The music colleges where they teach the recorder in the Early Music
Department are Tohogakuen University and Uenogakuen University in
Tokyo, Osaka Music College and Soaigakuen University in Osaka. As
for ordinary colleges, besides the three where I teach now, which
are Yokohama National University, Tsuru Cultural University, and
Shizuoka University, there are very few that have professional recorder
teachers in their music education course.
Many music teachers at school are forced to teach the recorder without
having enough knowledge and experience of performing the recorder.
They often use my NHK educational TV program "The Recorder Sings"

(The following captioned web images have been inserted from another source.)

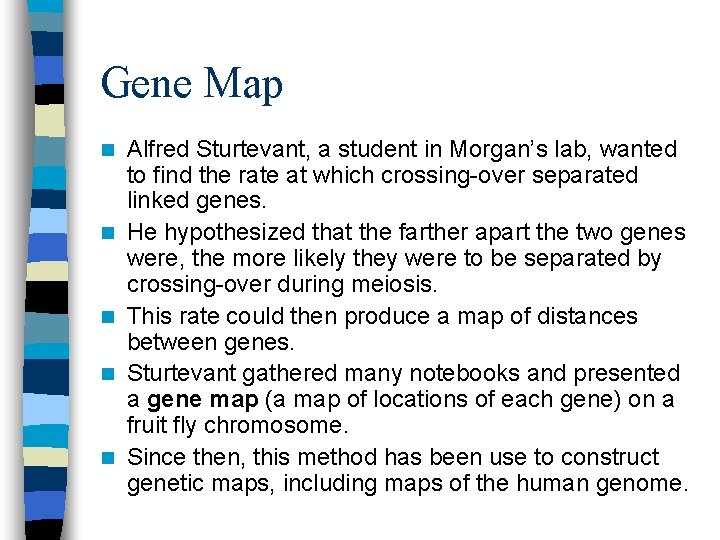 Gene Map n n n Alfred Sturtevant, a student in Morgan’s lab, wanted to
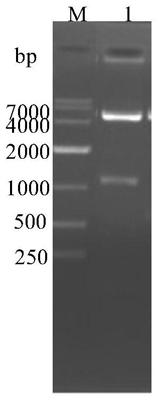Bovine infectious rhinotracheitis virus multi-epitope recombinant chimeric protein and application thereof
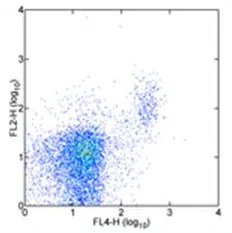 Flow Cytometry - PE Anti-2B4 antibody [244F4] (AB95807)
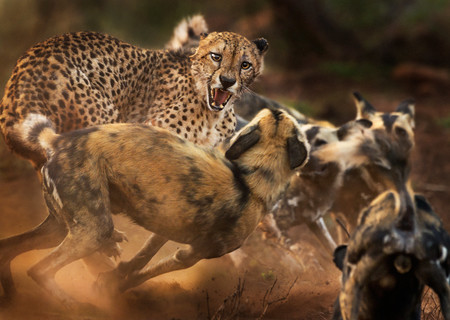 Estas son algunas de las espectaculares imágenes finalistas del concurso Wildlife Photographer of the Year 2019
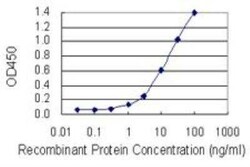 TCN1 Antibody (3F10), Novus Biologicals 0.1 mg | Buy Online | Novus Biologicals | Fisher Scientific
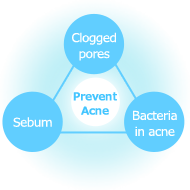 Prevent acne - Clogged pores - Bacteria in acne - Sebum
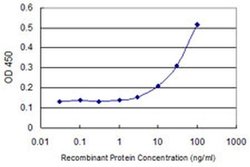 Invitrogen TSSK3 Monoclonal Antibody (6H4) 100 &mu;g; Unconjugated:Antibodies,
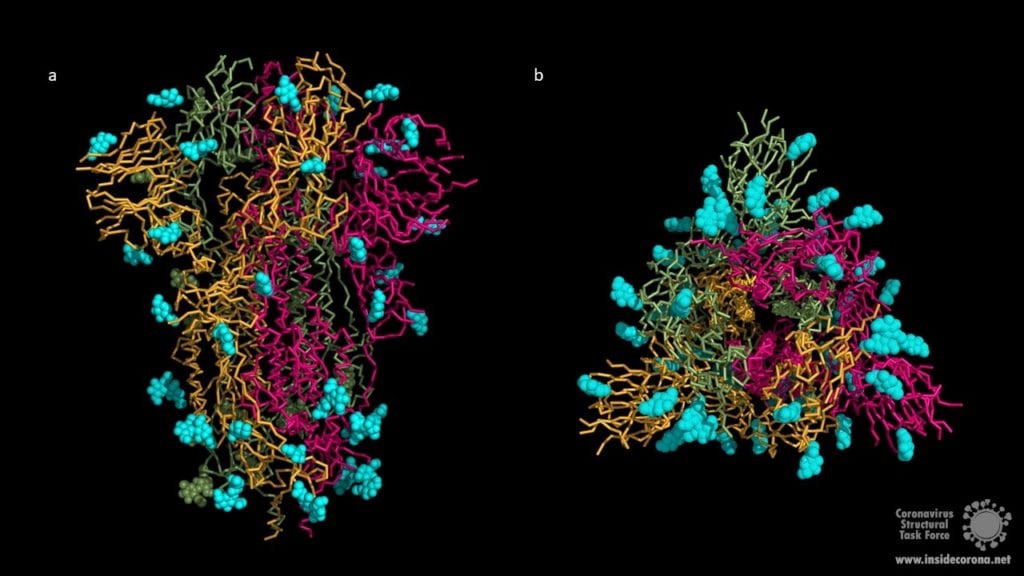 Spike Glycoprotein: Corona’s Key for Invasion 7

1986-1987 in the classroom.
The recorder contest has been held by the All Japan Recorder Association
once a year for these 25 years. The contestants are all am ateurs
from children to adults. In some colleges they have recorder ensembles
and early music clubs. We also have several early music festivals
and one of them, Tsuru Early Music Festival, will have been going
for 13 years this summer.
There are quite a few amateur recorder players in Japan and most
of them play in groups. I will introduce my
recorder courses now.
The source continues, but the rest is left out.